Share your dilemmas and get honest opinions from other Mumsnetters.

Nurses rough with dd

122 replies

andshewillbeloved · 15/06/2017 18:46

My toddler dd had an overnight stay in hospital the other night and had to have an inhaler and paracetamol to reduce her temp. She was wheezing and breathing too fast.

I'm probably being PFB but the nurses were very forceful when it came to giving her the medicine and I'm left feeling a bi traumatised.

Am I being daft?

OP posts:
racheltable · 15/06/2017 19:04

The nurses helped your sick child for free and you're complaining why exactly?

soupmaker · 15/06/2017 19:05

OP I do get that it is awful to witness but you need to get over yourself a bit. She needed the medication and staff needed to make sure she took it. Toddlers are remarkably resilient. I've been where you and cried when my DD1 was pinned down to be given medication but I hoisted up my big girl pants and got on with it. DD1 was none the worse for the experience.

Flisspaps · 15/06/2017 19:06

When DS was 18 months old and hospitalised with asthma, I had to wrestle him into my lap, pin his legs down with mine cross legged over his and use my elbows to hold his arms down whilst holding his inhaler for 10 puffs of salbutamol for 10 seconds.

The nurses commended me on my technique and said it made a change to have a parent who was able to adequately get the medication in as so many people basically piss-farted about with sick, screaming, flailing toddlers and couldn't get the inhaler done, leaving it to the nurses to fight them instead.

It was the only way to get his mess in, unpleasant for all involved but I'd rather have a bruised child (and self!) than be delicate yet still have a child struggling to breathe.

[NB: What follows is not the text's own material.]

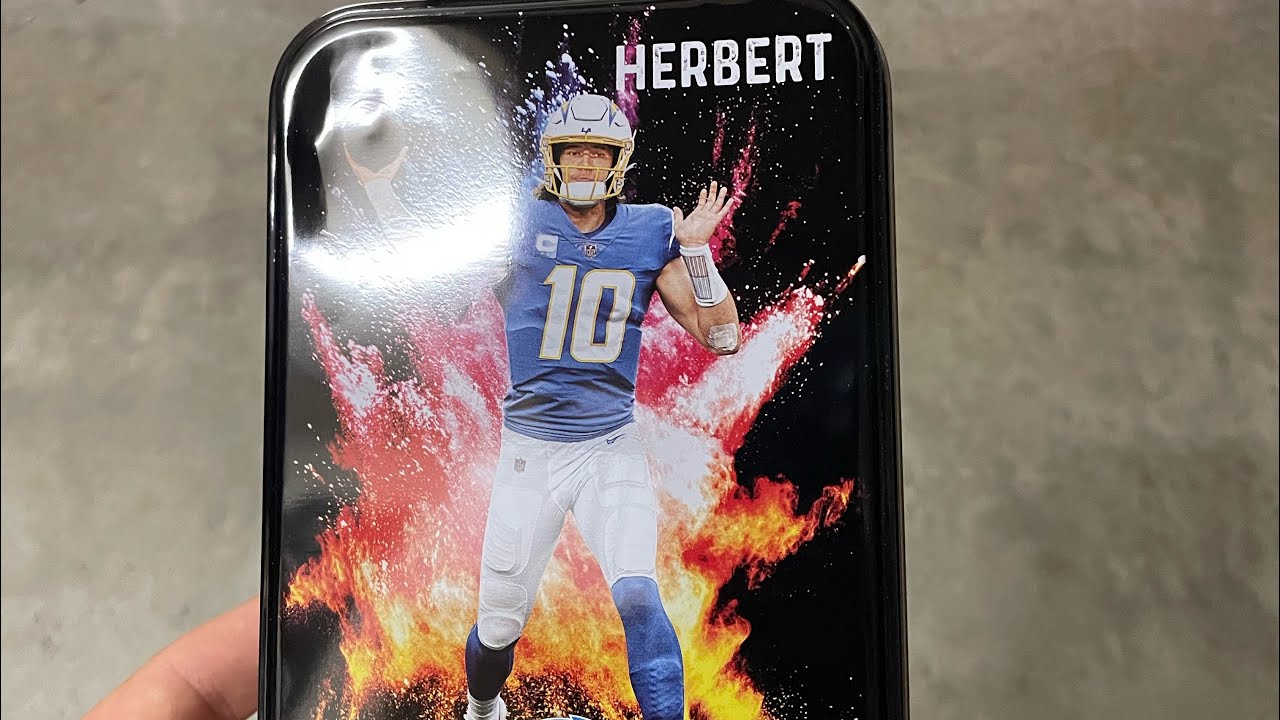 2023 Walmart &ldquo;MJ Holding&rdquo; Football Tins - What&rsquo;s inside?  2 Optic &ldquo;Star&rdquo; Parallels? 😁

Emma2803 · 15/06/2017 19:07

I'm sorry this upset you op but the nurses did the right thing. You dd was ill and needed medication to make her better and it was vital she got it.
And you may have to do the same yourself if the Dr's decide she needs it for a while as it will be very very important she gets the treatment she needs. Some things just have to be done regardless of if they like it or not.

PotteringAlong · 15/06/2017 19:11

She was ill and in hospital. What did you want them to do?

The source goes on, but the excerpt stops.